Asking For It: Question-Answering for Predicting Rule Infractions in Online Content Moderation
2510.06350v1
cs.CY, cs.AI, cs.CL, cs.HC, cs.LG
2025-10-10
Авторы:
Mattia Samory, Diana Pamfile, Andrew To, Shruti Phadke
Abstract
Online communities rely on a mix of platform policies and community-authored
rules to define acceptable behavior and maintain order. However, these rules
vary widely across communities, evolve over time, and are enforced
inconsistently, posing challenges for transparency, governance, and automation.

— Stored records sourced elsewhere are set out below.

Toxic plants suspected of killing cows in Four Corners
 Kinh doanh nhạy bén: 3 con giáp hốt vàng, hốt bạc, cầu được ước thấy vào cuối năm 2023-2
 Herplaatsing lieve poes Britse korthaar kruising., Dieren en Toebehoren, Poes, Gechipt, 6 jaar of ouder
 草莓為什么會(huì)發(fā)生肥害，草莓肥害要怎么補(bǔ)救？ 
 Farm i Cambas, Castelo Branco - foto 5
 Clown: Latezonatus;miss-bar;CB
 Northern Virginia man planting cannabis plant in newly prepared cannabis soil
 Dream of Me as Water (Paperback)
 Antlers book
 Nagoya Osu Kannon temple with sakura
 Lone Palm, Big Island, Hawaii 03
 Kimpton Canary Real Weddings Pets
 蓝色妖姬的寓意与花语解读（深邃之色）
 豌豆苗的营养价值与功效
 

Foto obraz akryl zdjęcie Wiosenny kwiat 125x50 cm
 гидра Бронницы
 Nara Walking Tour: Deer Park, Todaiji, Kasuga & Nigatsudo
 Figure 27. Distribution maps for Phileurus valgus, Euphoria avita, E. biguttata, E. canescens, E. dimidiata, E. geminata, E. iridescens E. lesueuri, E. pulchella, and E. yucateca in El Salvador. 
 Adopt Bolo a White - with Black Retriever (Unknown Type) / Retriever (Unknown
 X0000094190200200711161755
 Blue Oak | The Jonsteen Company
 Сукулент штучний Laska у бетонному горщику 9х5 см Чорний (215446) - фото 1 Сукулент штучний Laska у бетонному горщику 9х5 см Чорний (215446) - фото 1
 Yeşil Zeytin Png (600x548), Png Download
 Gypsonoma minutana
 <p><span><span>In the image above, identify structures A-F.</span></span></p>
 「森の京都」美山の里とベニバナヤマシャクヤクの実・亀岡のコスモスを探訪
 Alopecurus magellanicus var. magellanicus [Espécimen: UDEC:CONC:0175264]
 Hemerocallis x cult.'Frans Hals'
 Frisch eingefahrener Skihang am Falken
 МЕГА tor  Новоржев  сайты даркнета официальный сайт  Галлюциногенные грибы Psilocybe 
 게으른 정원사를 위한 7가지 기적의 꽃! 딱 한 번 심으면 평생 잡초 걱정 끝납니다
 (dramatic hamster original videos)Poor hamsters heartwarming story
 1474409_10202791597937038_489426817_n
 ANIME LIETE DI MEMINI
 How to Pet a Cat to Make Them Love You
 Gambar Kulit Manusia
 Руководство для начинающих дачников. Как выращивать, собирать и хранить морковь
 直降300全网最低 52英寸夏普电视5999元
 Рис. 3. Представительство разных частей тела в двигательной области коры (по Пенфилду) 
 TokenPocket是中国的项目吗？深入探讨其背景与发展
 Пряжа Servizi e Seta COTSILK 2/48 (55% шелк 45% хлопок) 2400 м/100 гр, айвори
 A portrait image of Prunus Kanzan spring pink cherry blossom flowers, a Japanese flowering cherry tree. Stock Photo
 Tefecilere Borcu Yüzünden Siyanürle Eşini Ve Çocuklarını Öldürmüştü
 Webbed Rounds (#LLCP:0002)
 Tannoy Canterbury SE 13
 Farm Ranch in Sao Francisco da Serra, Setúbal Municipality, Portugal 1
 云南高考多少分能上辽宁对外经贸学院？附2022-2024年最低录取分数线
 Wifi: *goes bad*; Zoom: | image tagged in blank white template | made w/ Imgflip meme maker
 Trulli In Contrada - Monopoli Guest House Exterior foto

In this paper, we model the relationship between rules and their enforcement at
scale, introducing ModQ, a novel question-answering framework for
rule-sensitive content moderation. Unlike prior classification or
generation-based approaches, ModQ conditions on the full set of community rules
at inference time and identifies which rule best applies to a given comment. We
implement two model variants - extractive and multiple-choice QA - and train
them on large-scale datasets from Reddit and Lemmy, the latter of which we
construct from publicly available moderation logs and rule descriptions. Both
models outperform state-of-the-art baselines in identifying moderation-relevant
rule violations, while remaining lightweight and interpretable. Notably, ModQ
models generalize effectively to unseen communities and rules, supporting
low-resource moderation settings and dynamic governance environments.